Finnair aims to become a launch customer for commercial airline jet biofuel flights in 2011
Tue 21 Dec 2010 – Following the recent announcement that Lufthansa is set to become the world’s first airline to use biofuels on commercial flights, it has emerged that Finnair is also in discussions with the same biofuel supplier, Finland’s Neste Oil, to become a launch user of sustainable jet fuels derived from logging waste. According to Finnair and Neste, the two parties have been looking at areas of cooperation for over two years and are still ongoing. Finnair said a decision has still to be made on when the first commercial biofuel flights will take place and will depend on factors such as the availability of biomass and when biofuel blends will be certified for commercial use.
According to Finnish broadcaster YLE, Finnair is set to become the first airline in the world to use fuel produced from renewable sources on regular flights, although Lufthansa made a similar claim a few weeks ago when it announced a cooperative agreement had been signed with Neste, with the first flights following certification that is expected at the end by the end of the first quarter of 2011.
However, Finnair believes that “first-flyer” status has not been guaranteed to any airline by Neste and a final decision has yet to be made.
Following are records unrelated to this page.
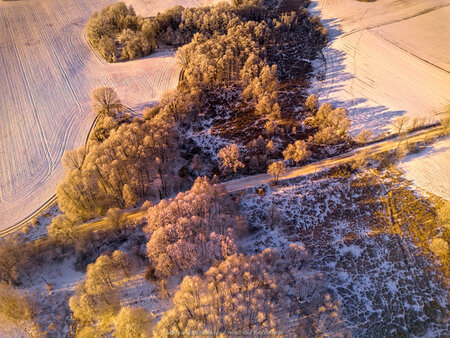 2025_02_20__08_49_DJI_0322.jpg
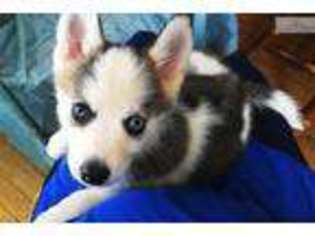 Siberian Husky Puppy for sale in Orem, UT, USA
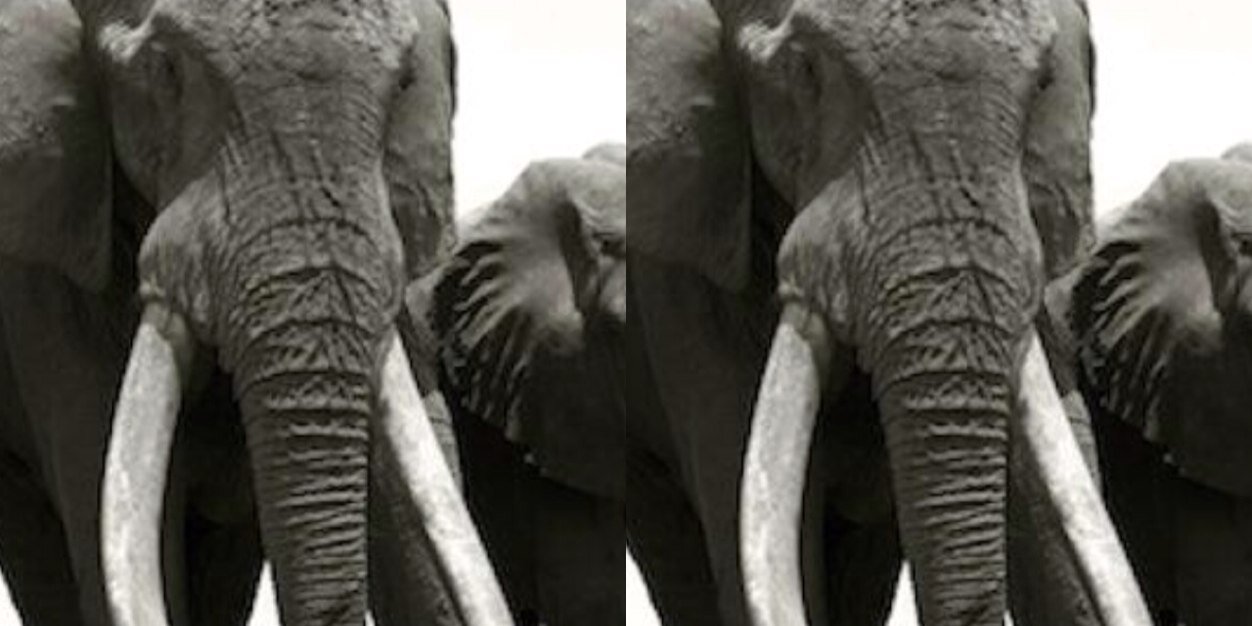 Mbilia_Bell's profile banner image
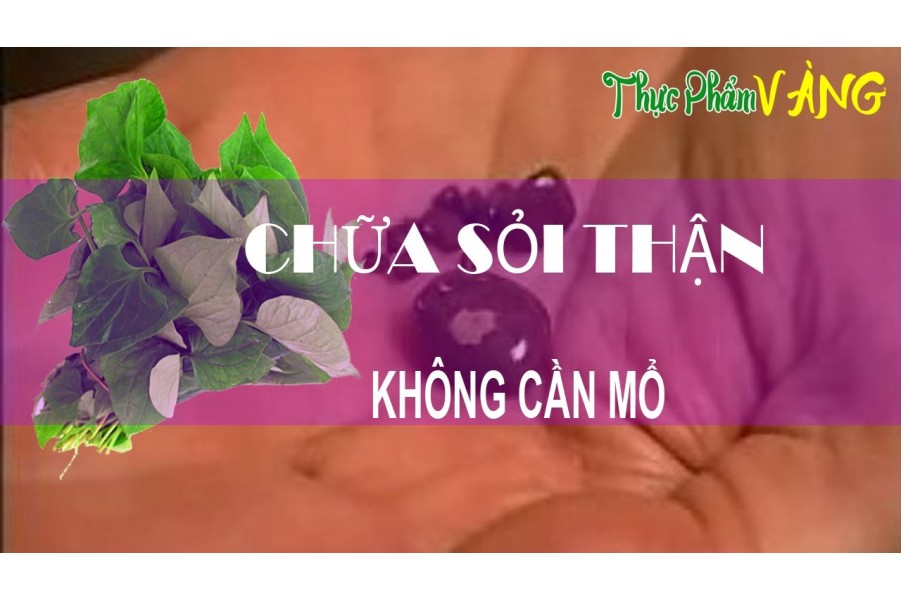 Top nhung thực phẩm tốt cho thận và không tốt cho thận 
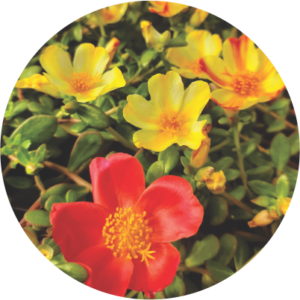 Portulaca Multicor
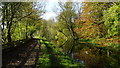 SD9201 : Fairbottom Branch Canal W of A627 at Bardsley, Oldham by Colin Park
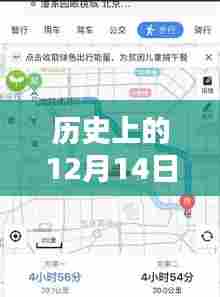 下马看花 第3页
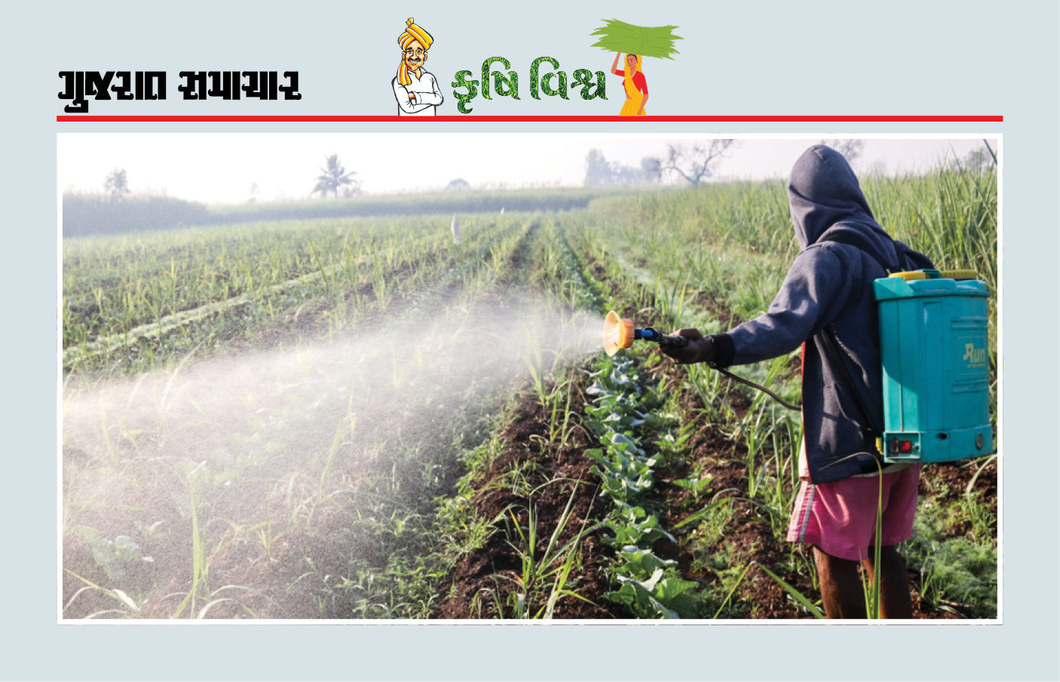 જંતુનાશક દવાઓનો બેફામ ઉપયોગ, સ્વાસ્થ્ય સંબંધી ગંભીર સમસ્યાઓ નોંતરશે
“Discussions with Finnair are ongoing and unfinished,” said a Neste spokesperson. “Thus Neste Oil has not issued any statements or press releases regarding the issue.”
A Finnair spokesperson told GreenAir Online: “Finnair is aiming to be the first airline to use biofuels on commercial flights but unfortunately there is no guarantee for that yet. However, Finnair is also looking for long-term cooperation with different interest groups to engage in biofuels development work, especially regarding the use of biomass.”
According to an article on the YLE website, Neste will produce jet biofuel, derived from lard or logging waste, at its production facilities in Porvoo (Finland), Rotterdam and Singapore. The report said airlines have demanded the new fuel should not contain palm oil because of deforestation concerns and Finnair was especially interested in utilizing logging waste from home forests. Neste is one of the largest users of certified palm oil in the world, which it uses in its NExBTL renewable diesel. The company opened what it claims is the world’s largest renewable diesel production plant in Singapore last month.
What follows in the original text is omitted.